- **DIRECTIONS**
When you find the line with "Pendélite en tissé" among the records below, reproduce it and each line after it exactly, ending with the line with "4235 Gary St, Klamath".
· · ·
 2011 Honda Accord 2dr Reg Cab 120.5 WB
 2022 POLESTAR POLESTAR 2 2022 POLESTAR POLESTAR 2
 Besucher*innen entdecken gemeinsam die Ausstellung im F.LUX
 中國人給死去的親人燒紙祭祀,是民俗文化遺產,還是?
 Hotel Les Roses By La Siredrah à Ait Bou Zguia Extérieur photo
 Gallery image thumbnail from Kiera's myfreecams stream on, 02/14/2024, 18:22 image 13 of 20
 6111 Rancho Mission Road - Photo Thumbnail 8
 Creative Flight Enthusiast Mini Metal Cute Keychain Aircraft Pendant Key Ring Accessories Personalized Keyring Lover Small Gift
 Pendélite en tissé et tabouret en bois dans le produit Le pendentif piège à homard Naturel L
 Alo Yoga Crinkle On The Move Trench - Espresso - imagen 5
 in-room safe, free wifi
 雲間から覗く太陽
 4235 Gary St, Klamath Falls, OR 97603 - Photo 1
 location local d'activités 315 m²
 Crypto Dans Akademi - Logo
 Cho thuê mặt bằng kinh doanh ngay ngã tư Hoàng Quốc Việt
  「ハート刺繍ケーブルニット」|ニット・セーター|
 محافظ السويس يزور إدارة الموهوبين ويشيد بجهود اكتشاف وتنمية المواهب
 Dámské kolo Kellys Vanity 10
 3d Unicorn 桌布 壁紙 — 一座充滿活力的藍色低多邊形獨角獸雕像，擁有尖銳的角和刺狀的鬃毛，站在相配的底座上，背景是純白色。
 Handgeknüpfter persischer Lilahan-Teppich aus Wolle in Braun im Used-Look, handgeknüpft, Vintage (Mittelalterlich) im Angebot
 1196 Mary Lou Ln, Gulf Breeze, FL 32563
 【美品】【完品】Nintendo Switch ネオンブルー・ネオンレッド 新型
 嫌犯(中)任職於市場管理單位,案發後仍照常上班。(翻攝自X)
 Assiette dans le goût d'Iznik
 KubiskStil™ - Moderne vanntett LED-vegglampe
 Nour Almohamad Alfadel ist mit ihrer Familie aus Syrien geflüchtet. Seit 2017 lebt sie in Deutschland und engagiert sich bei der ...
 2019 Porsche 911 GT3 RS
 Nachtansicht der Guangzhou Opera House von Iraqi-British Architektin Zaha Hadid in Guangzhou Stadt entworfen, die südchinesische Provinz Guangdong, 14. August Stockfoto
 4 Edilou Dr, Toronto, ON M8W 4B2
· · ·
- **RESPONSE TO THE EXERCISE**
 Pendélite en tissé et tabouret en bois dans le produit Le pendentif piège à homard Naturel L
 Alo Yoga Crinkle On The Move Trench - Espresso - imagen 5
 in-room safe, free wifi
 雲間から覗く太陽
 4235 Gary St, Klamath Falls, OR 97603 - Photo 1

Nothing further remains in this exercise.